Benchmarking Memory Bandwidth

After a while, everyone in HPC realizes that as technology changes, we're just moving performance bottlenecks to different places in the system as a whole. We'll never get a perfect system that is infinitely fast and infinitely scalable, with more memory than we can possibly use and that doesn't use much power, is inexpensive, and … well, you get the picture. Various aspects of the system will always have built-in limits. The secret to a good design is understanding your applications and knowing the performance of key aspects of the system.

 

One performance aspect that people have been yelling about for some time is memory bandwidth: how quickly data can be written to or read from memory by the processor. This driver of application performance is very important because it affects how quickly the OS can get data into and out-of memory for processing. If memory bandwidth is low, then the processor could be waiting on memory to retrieve or write data. If memory bandwidth is high, then the data needed by the processor can easily be retrieved or written.

 

Although not every application has different memory/data access patterns for which performance is driven by memory bandwidth, you might be surprised by the number applications for which this is true. For example, a class of “unstructured” computational fluid dynamics (CFD) applications access data in an array in a non-sequential way [e.g., assume an array A that the CFD code accesses in a loop non-sequentially as A(8), A(143), A(32), A(56), A(10678), and A(2004)]. The performance of this application is driven by how quickly the values from A can be obtained (reading from memory). Once the computation is finished, a certain element of A might also be updated (writing to memory).
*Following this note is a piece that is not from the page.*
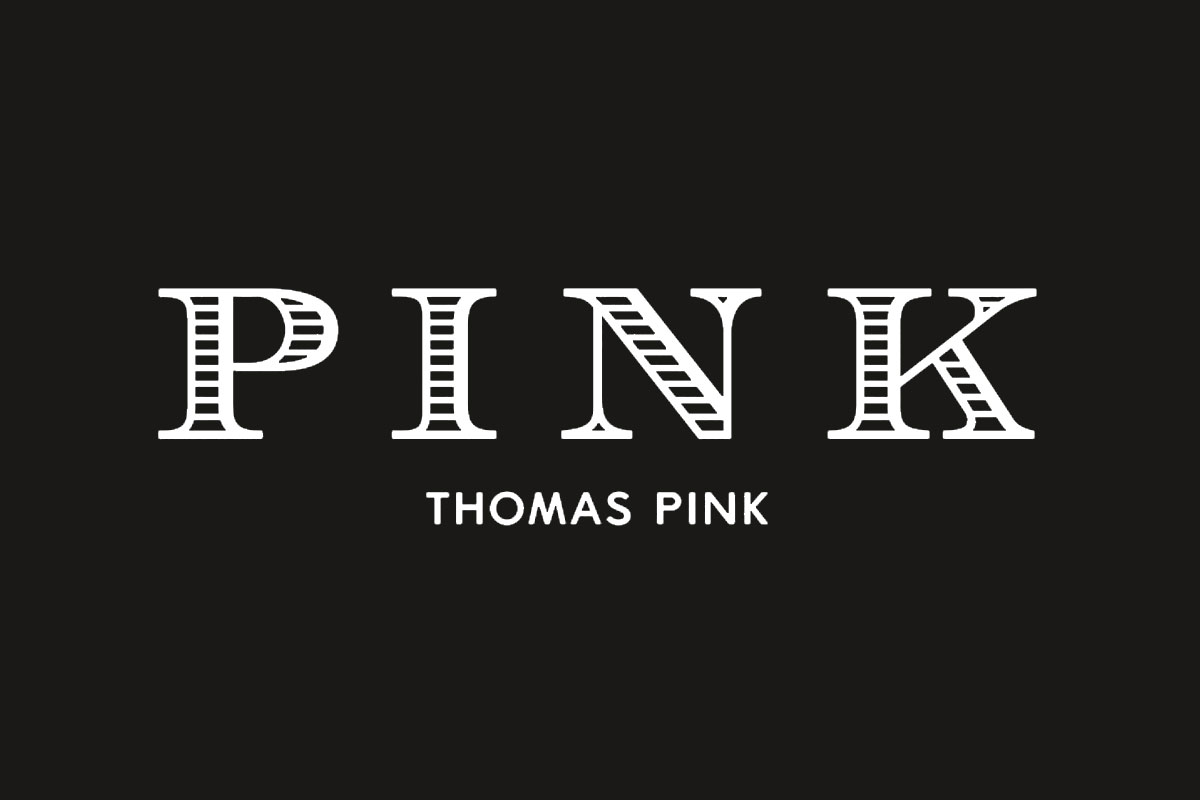 Thomas Pink品牌反白LOGO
All of this is done in a loop using all of the values in array A. One of the drivers of this computation will be how fast the data can be retrieved from and written to memory (i.e., memory bandwidth).

 

Stream Memory Bandwidth

 

One of the most commonly used benchmarks in all of HPC-dom is Stream, a synthetic benchmark that measures sustainable memory bandwidth for simple computational kernels. Table 1 lists the four benchmarks that compose Stream.

 

Table 1: Stream Benchmarks

 

Name Kernel Bytes/Iteration FLOPS/Iteration
COPY a(i) = b(i) 16 0
SCALE a(i) = q*b(i) 16 1
SUM a(i) = b(i) + c(i) 24 1
TRIAD a(i) = b(i) + q*c(i) 24 2

 

The Copy benchmark measures the transfer rate in the absence of arithmetic. This should be one of the fastest memory operations, but it also represents a common one – fetching two values from memory, a(i) and b(i), and update one operation.

 

The Scale benchmark adds a simple arithmetic operation to the Copy benchmark. This starts to simulate real application operations. The operation fetches two values from memory, a(i) and b(i), but operates on b(i) before writing it to a(i). It's a simple scalar operation, but more complex operations are built from it, so the performance of this simple test can be used as an indicator of the performance of more complex operations.

 

The third benchmark, the Sum benchmark, adds a third operand and was originally written to allow multiple load/store ports on vector machines to be tested when vector machines were in vogue. However, this benchmark is very useful today because of the large pipelines that some processors possess. Rather than just fetch two values from memory, this micro-benchmark fetches three. For larger arrays, this will quickly fill a processor pipeline, so you can test the memory bandwidth filling the processor pipeline or the performance when the pipeline is full. Moreover, this benchmark is starting to approximate what some applications will perform in real computations.

 

The fourth benchmark in Stream, the Triad benchmark, allows chained or overlapped or fused, multiple-add operations. It builds on the Sum benchmark by adding an arithmetic operation to one of the fetched array values. Given that fused multiple-add operations (FMA) are an important operation in many basic computations, such as dot products, matrix multiplication, polynomial evaluations, Newton’s method for evaluation functions, and many DSP operations, this benchmark can be directly associated with application performance. The FMA operation has its own instruction set now and is usually done in hardware. Consequently, feeding such hardware operations with data can be extremely important – hence, the usefulness of the Triad memory bandwidth benchmark.

 

Which of the four memory bandwidth tests from Stream are most important? That's not an easy question to answer beyond the classic response of, "it depends." To find out for your application, you need to get "down and dirty" to determine which one, or more, of the memory bandwidth micro-benchmarks is a good indicator of performance. Honestly, I think it's difficult to do, and I've never been too successful with this approach.

 

I have seen people try to take the four results and create some sort of average or mean (e.g., a geometric mean). This information can be misleading because the four results can be skewed relative to one another, despite efforts to account for it via the geometric mean. Sometimes, people ask for all Stream results, as well as the geometric mean, with the idea of comparing the performance various platforms with the use of a single metric. Personally, I like to see all four benchmark results, and when in doubt, I tend to focus just on the Triad result.

 

On the Stream website, you will see a couple of versions of the benchmark: a Fortran version from 2005 and a C version that was updated in 2013. The C program is typically the version used; you can run it as a serial application or threaded using OpenMP, usually using all of the cores on the node to allow you to see the best overall memory bandwidth. I won't discuss how to build Stream and run it because the web hasplenty of OpenMP tutorials.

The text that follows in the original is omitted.